I think it’s the “letting people down” or “disappointing people” aspect to my career that I’ve had the hardest time with. I’ve had plenty of jobs where I’ve fitted in. I’m a people pleaser when I start, but then I get grumpy, I get bored, I get restless. The only real way I can avoid doing that is either by not taking on too much responsibility for others or having a very understanding and supportive boss.
For the most part, I’ve learned that if I stick with being an IC (Individual Contributor) and I really specialise on the aspects of that which I feel are important: technical excellence, socio-technical thinking, product alignment, automation, mentoring and coaching – then I get on fine.
If, like in the past, I take on a lead role or a management role where I have no or little support, I struggle to allocate my time effectively, struggle to delegate and become paralysed by inaction. It doesn’t mean I don’t care, it means that I care too much about everything and simply cannot decide what I need to do.
In a professional community, I need to contribute. It’s not enough to just be there. I believe that this is a cognitive distortion for the most part. Just being there is enough. Sometimes it’s more than enough to just be there.
Finding Your Audience
I went through a stage about 18 months ago of submitting talks to conferences, getting accepted and standing on stage and delivering them and pretending I enjoyed it. I didn’t. So just as it was taking off I stopped doing it.

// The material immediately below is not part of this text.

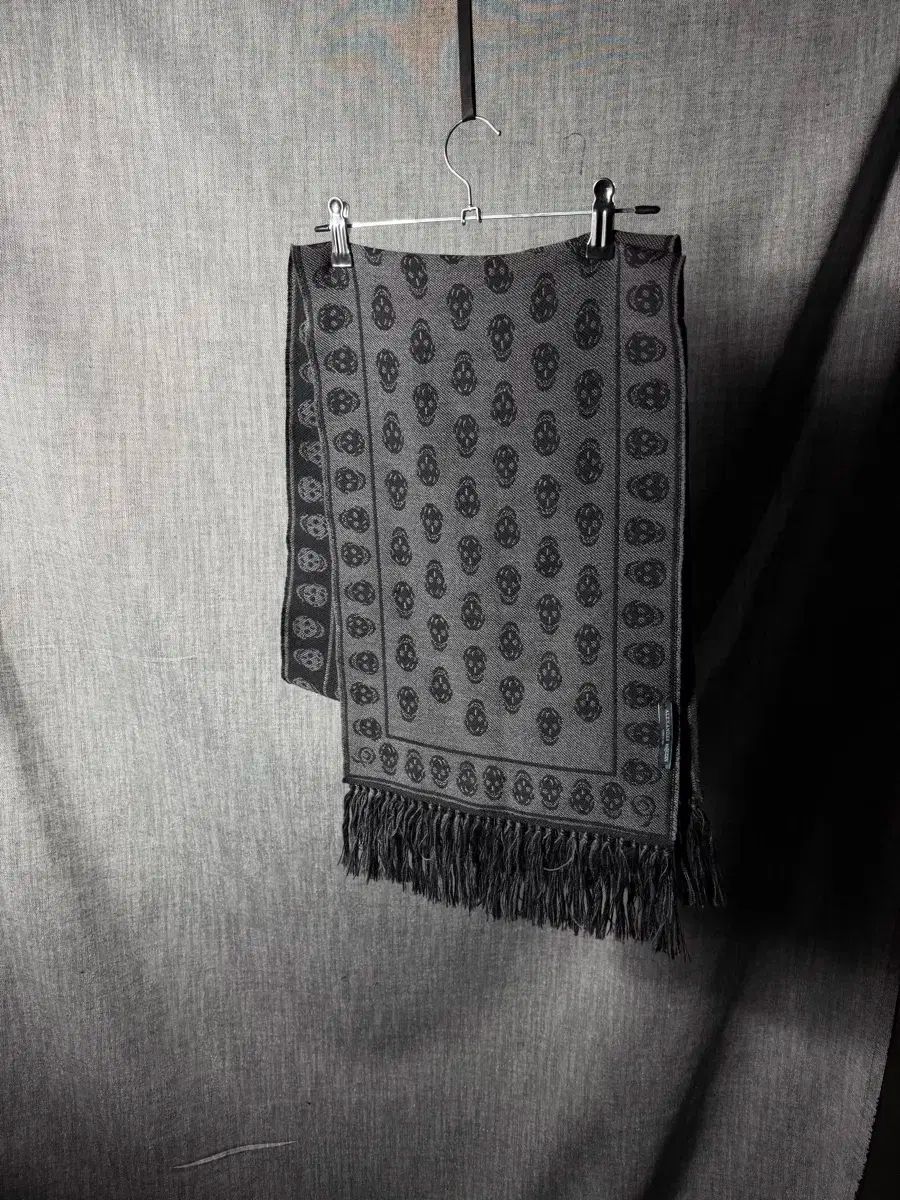 アレキサンダー マックイーン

That was the right call at the time. I wasn’t invested in what I was talking about, I was making things up for the sake of fitting in. I see this as a stand-up comedian writing a show purely to take advantage of an existing audience. You might occasionally land a laugh, but if you’re not connecting with your audience, you’re just a guy on stage telling bad jokes. Comedians are at their best when they are still looking for their audience.
My obsession for the last year is novel writing. It’s going well. I’m staying interested. I can rewrite it continuously, which allows me periods of boredom or downtime, and that’s ok. I can find the energy to start anything, but the amount of anxiety I get from consistently having to put myself out there the whole time to get the work as well as delivering it is often just not maintainable.
So, I need to find a balance between writing and audience. A balance between putting myself out there and being creative.
The Journey Starts Again
As a creative entrepreneur, it’s important to match the boredom threshold to the anxiety threshold. As a neurodivergent individual in a neurotypical world we must do more to make our work accessible and relevant. We must work harder at our relationships as well as our self-compassion.
This will be tiring. So my advice is:
- find the work that lights you up
- find the delivery mechanism that fits your social batteries
- find a community that fits
- find time for space and self-compassion
- find energy to explain how you feel both to yourself and to others
It will be hard and take a lot of time and effort. It’s a long list and one I will have to come back to every day.
But we start and we continue and we do great things not because they are easy.